TASK TO COMPLETE: Please copy the listing that follows exactly, leaving out any pictures.

INFORMATION GIVEN:
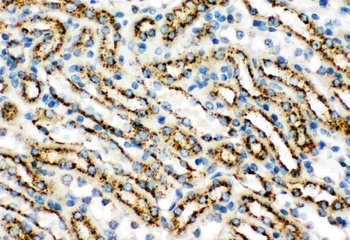 Cathepsin D/CTSD Antibody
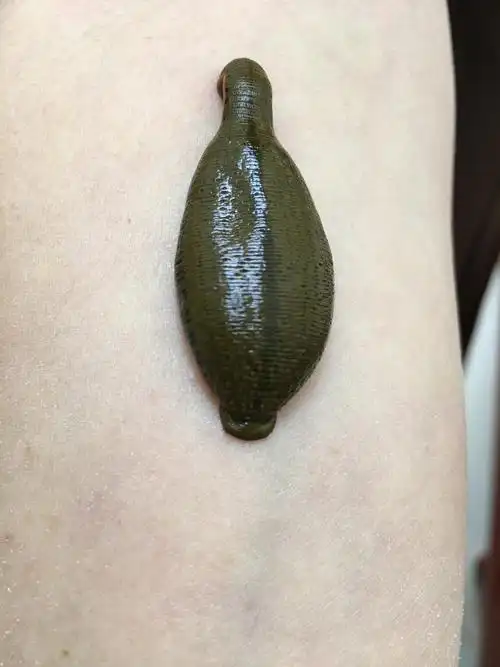 水蛭疗法(手机随拍)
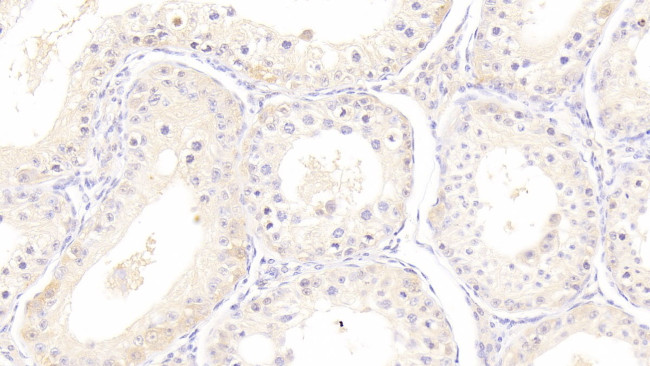 HSPA1B Antibody in Immunohistochemistry (Paraffin) (IHC (P))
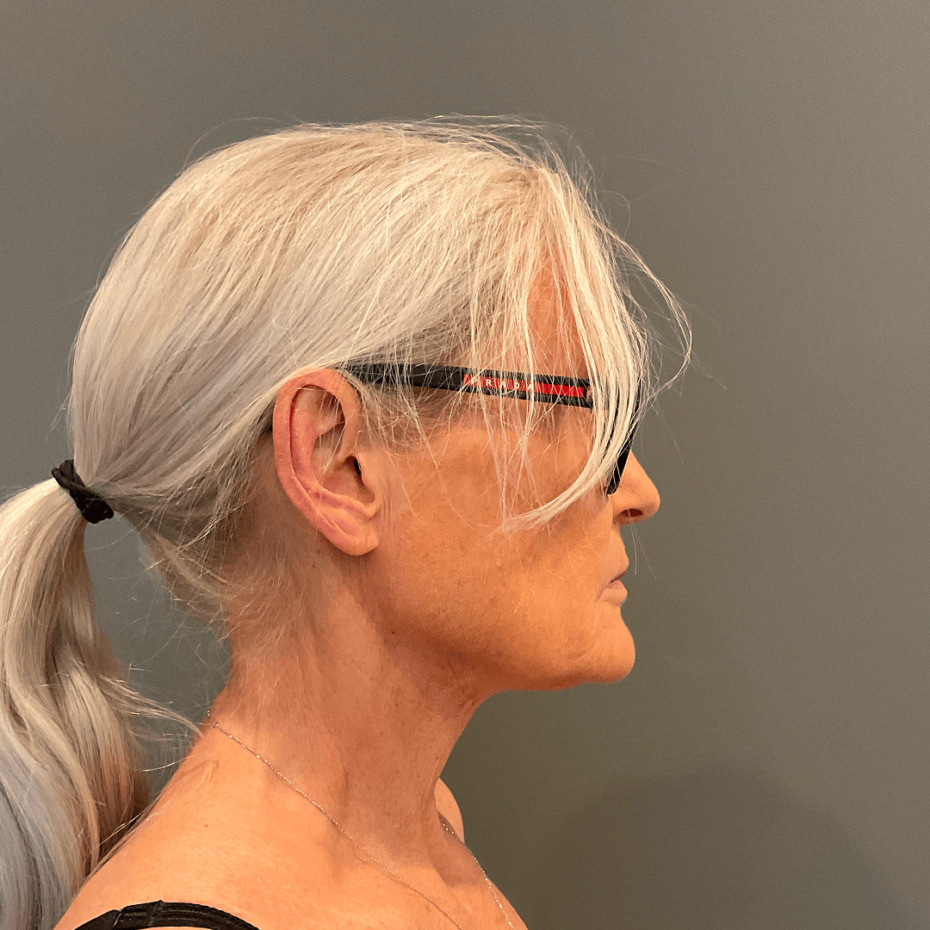 Profilfoto af moden kvinde med sølvgråt hår samlet i hestehale, iført sorte briller. Billedet fremhæver ansigtets profil, kæbelinje og hals i et sidefoto taget i klinisk miljø. Cerix – eksempel på ansigtsbehandling som Botox eller ansigtsløft, brugt til vurdering af hudens struktur og kontur.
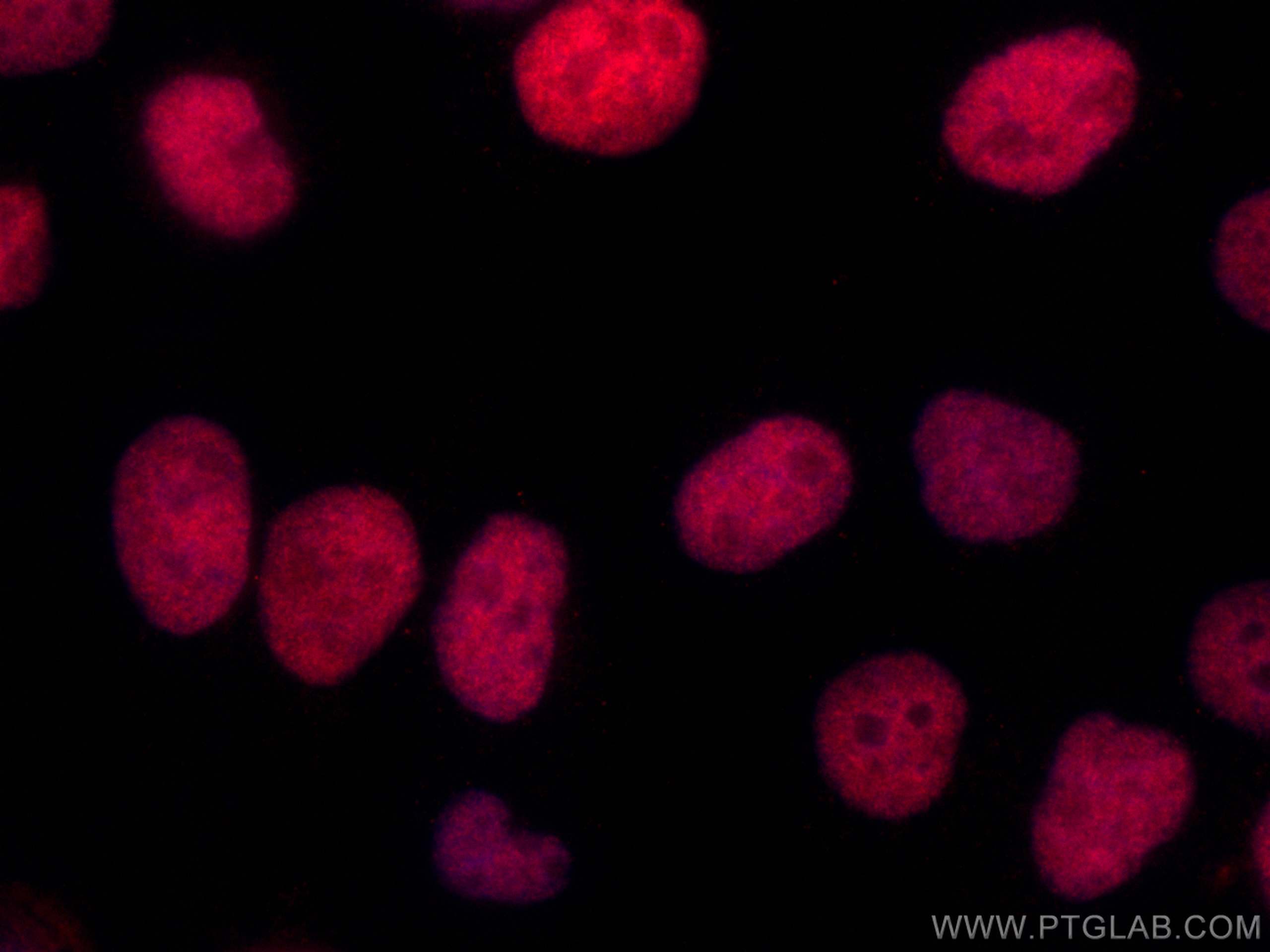 Immunofluorescence (IF) / fluorescent staining of A431 cells using CoraLite®594-conjugated ANKRD1 Monoclonal antibody (CL594-67775)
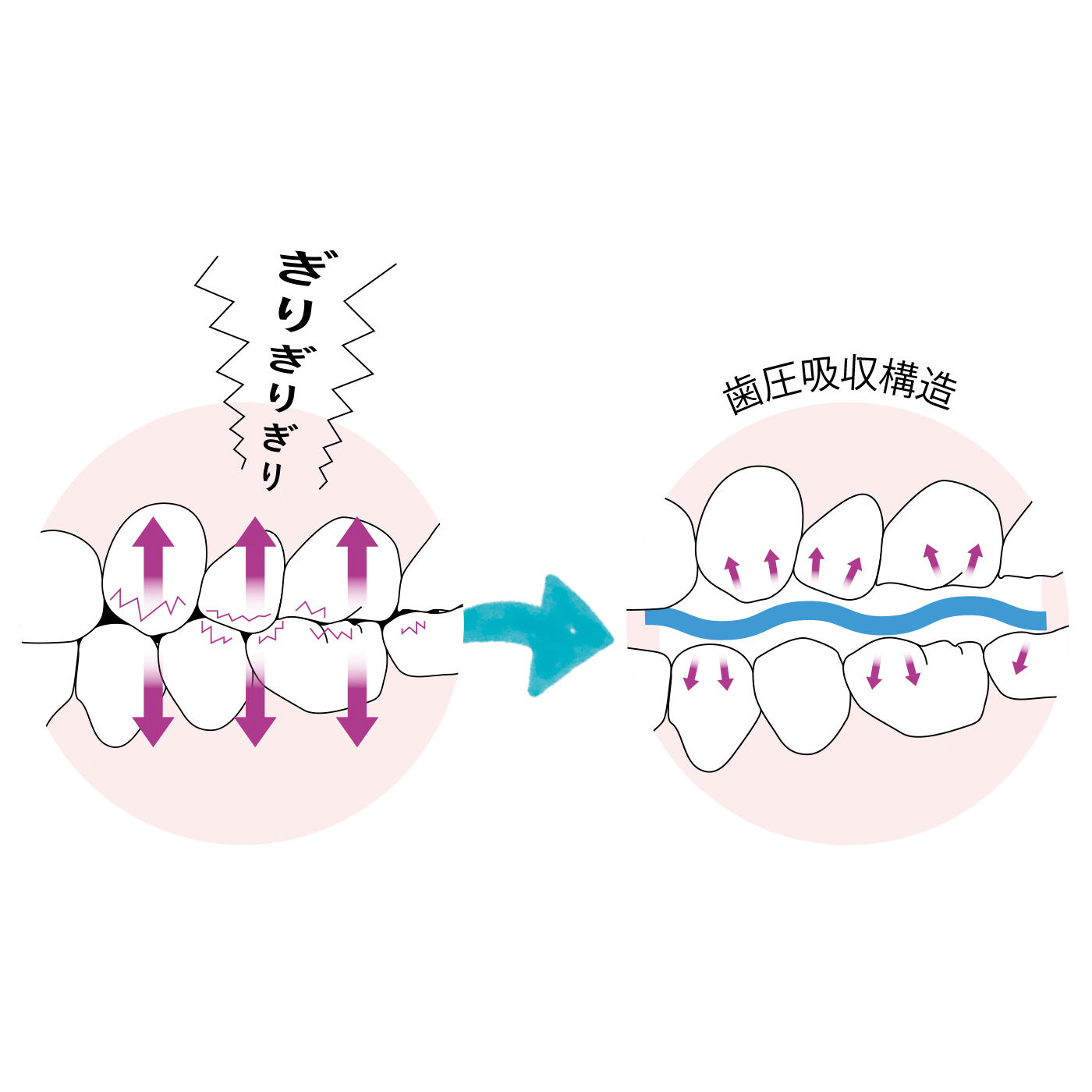 フラフィール|波形状シリコーンが 歯圧を吸収！ 歯ぎしり対策マウスピース|歯ぎしりや食いしばりから大切な歯を守ります！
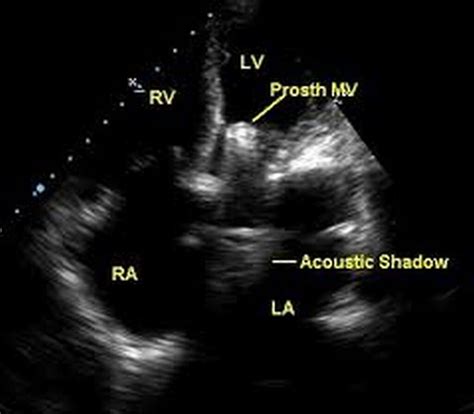 Prosthetic Mitral Valve Echocardiogram Images And Photos Finder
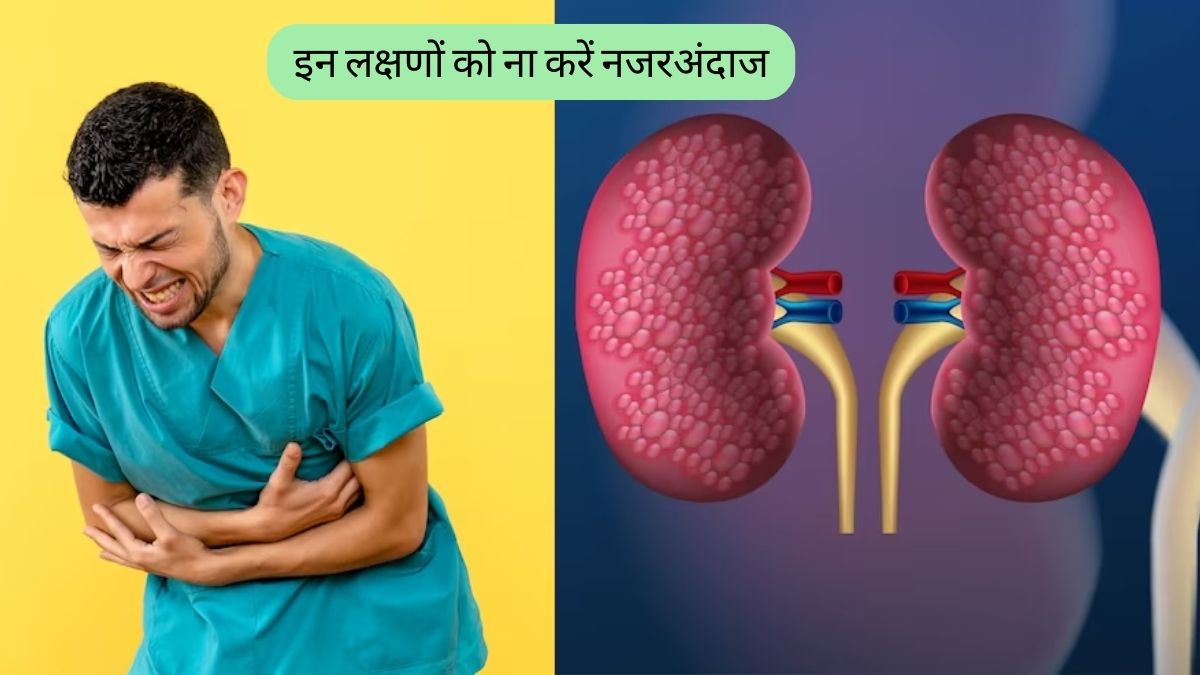 Kidney Failure Symptoms These 5 Signs Indicates You May Have Kidney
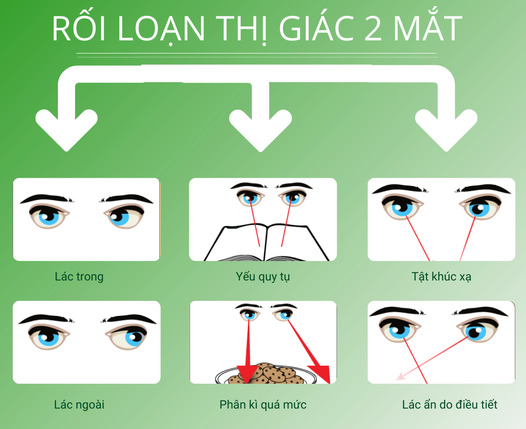 Rối loạn thị giác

TASK RESPONSE:
 Cathepsin D/CTSD Antibody
 水蛭疗法(手机随拍)
 HSPA1B Antibody in Immunohistochemistry (Paraffin) (IHC (P))
 Profilfoto af moden kvinde med sølvgråt hår samlet i hestehale, iført sorte briller. Billedet fremhæver ansigtets profil, kæbelinje og hals i et sidefoto taget i klinisk miljø. Cerix – eksempel på ansigtsbehandling som Botox eller ansigtsløft, brugt til vurdering af hudens struktur og kontur.
 Immunofluorescence (IF) / fluorescent staining of A431 cells using CoraLite®594-conjugated ANKRD1 Monoclonal antibody (CL594-67775)
 フラフィール|波形状シリコーンが 歯圧を吸収！ 歯ぎしり対策マウスピース|歯ぎしりや食いしばりから大切な歯を守ります！
 Prosthetic Mitral Valve Echocardiogram Images And Photos Finder
 Kidney Failure Symptoms These 5 Signs Indicates You May Have Kidney
 Rối loạn thị giác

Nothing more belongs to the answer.